Carl Gustav Jung planteó en su día la existencia de un inconsciente colectivo. Una suerte de raíz subterránea que nos conecta, una base compartida de la que no somos conscientes. Una teoría que tiene un cariz mágico, pero a la que Jung llegó a través de métodos científicos. Empezamos hablando de Jung, no solo porque esté entre las lecturas predilectas de Ildikó Enyedi, sino porque de alguna manera esa extraña mezcla entre psicología y espiritualidad conecta con las películas de la cineasta húngara, que aunque presenten hechos sobrenaturales, están más allá del misticismo y la fantasía para colocarse en un lugar propio gracias al peculiar uso que hace de las herramientas del cine. Su universo plantea una relación natural entre elementos en apariencia opuestos, en un fluir natural: como la vida y la muerte, que aunque puedan parecer dos polos alejados, están indisolublemente unidos. Es así como en su cine se dan la mano la magia y la filosofía, la autodeterminación y el destino, la luz y la sombra, la realidad consciente y los sueños, el cuerpo y el espíritu. Dualidades que se rinden ante la naturalidad con la que representa ante nuestros ojos lo inimaginable.

Su visión empieza a formarse entre finales de los setenta y principios de los ochenta, años en los que perteneció al colectivo artístico underground Indigo, donde empieza su andadura a través del arte conceptual y la performance. Más adelante trabaja en el Béla Balázs Studio, el único estudio independiente de cine en la Europa del Este de antes de 1989. En esta primera época realiza trabajos de corte más bien experimental, entre el documental y la ficción, en los que se analiza la relación entre la persona y la filmación, y sobre la tensión psicológica (pero también social) que una cámara puede desencadenar. De esta época deriva su primer largometraje Mole (1987), una obra sobre el cuerpo y la consciencia basada en La invención de Morel de Bioy Casares: una historia sobre un mundo fantasmal, que Enyedi identifica con el mundo fantasmal que es el cine, esa realidad paralela de sombras proyectadas. Un personaje aterriza en paracaídas en un lugar en medio de la naturaleza. Son aquí los puntos de vista de la cámara los que siembran esa idea de que algo ocurre bajo la superficie visible de las cosas. El espía parece ser espiado, nos parecen decir ciertos ángulos, entre la vegetación, cierta perspectiva sobre el recodo del camino, la elección de una cámara al hombro en un momento preciso. La voz en off susurrante del paracaidista añade una capa de extrañeza en esta misma dirección.
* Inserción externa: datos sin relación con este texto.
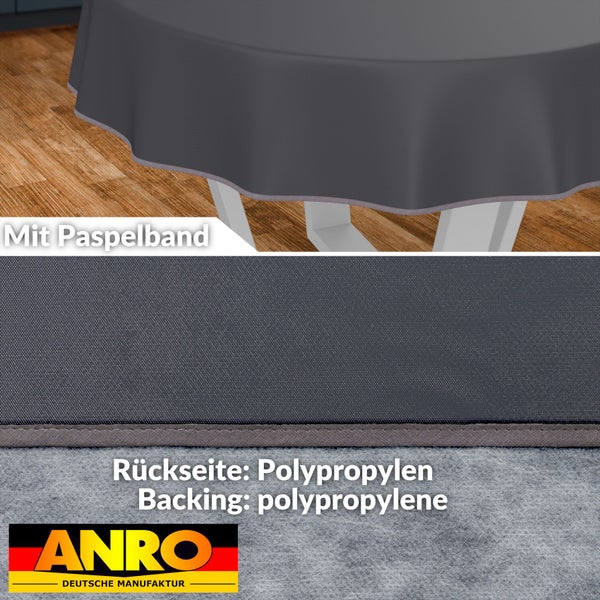 Tischdecke mit Paspelband und Polypropylen Rückseite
Tras Mole, Enyedi firma Mi siglo XX, en la que dos gemelas separadas en la infancia encarnan las contradicciones del siglo XX (una, una libertina cazafortunas, la otra feminista y anarquista incendiaria), con la que cosechó la Cámara de Oro en Cannes. Una película deliciosa, llena de digresiones y caminos inesperados, en la que extrae la magia de la llegada del siglo XX a partir de científicos inventos como la electricidad: tanto en el arranque de la película, con un desfile nocturno por la llegada de Edison a París, como en el espectáculo de danza con luces neoyorquino, arropan a la historia con cierta trascendencia del cambio de siglo. El inconsciente colectivo de alguna manera se manifiesta en el Orient Express parado en la Nochevieja de 1899: los segundos antes de la campanada, un recorrido por el momento impalpable de silencio y expectación de las caras de los pasajeros extiende una red invisible que atraviesa la humanidad entera. Asimismo, secuencias como esa en la que unos monos observan a un humano como si fuera un espécimen extraño dan la vuelta a la perspectiva, dejando en evidencia la multiplicidad de puntos de vista sobre la realidad. La presencia de las estrellas (contrapuestas a las bombillas) como división entre secuencias también dota al conjunto de un halo que hace pensar en una visión cósmica, bigger than life.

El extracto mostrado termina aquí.